(Short descriptive text snippets)

◇ ◇ ◇ ◇

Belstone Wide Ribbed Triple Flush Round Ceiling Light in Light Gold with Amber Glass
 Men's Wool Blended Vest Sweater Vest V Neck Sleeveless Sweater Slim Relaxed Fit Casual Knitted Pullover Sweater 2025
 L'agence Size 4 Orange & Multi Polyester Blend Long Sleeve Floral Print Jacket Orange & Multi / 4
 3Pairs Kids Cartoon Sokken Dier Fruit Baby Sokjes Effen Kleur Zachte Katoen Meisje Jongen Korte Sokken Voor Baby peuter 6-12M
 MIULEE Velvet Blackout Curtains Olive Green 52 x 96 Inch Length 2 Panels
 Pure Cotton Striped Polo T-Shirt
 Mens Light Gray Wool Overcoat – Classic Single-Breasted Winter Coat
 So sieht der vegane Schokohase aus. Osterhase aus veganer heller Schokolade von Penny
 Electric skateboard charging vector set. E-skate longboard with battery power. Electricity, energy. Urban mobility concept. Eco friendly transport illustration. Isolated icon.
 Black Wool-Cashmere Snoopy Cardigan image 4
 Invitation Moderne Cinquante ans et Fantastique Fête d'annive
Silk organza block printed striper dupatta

◇ ◇ ◇ ◇

The expected output is every line of the records in which the string "Wool" appears.

Solution to this task:
 Men's Wool Blended Vest Sweater Vest V Neck Sleeveless Sweater Slim Relaxed Fit Casual Knitted Pullover Sweater 2025
 Mens Light Gray Wool Overcoat – Classic Single-Breasted Winter Coat
 Black Wool-Cashmere Snoopy Cardigan image 4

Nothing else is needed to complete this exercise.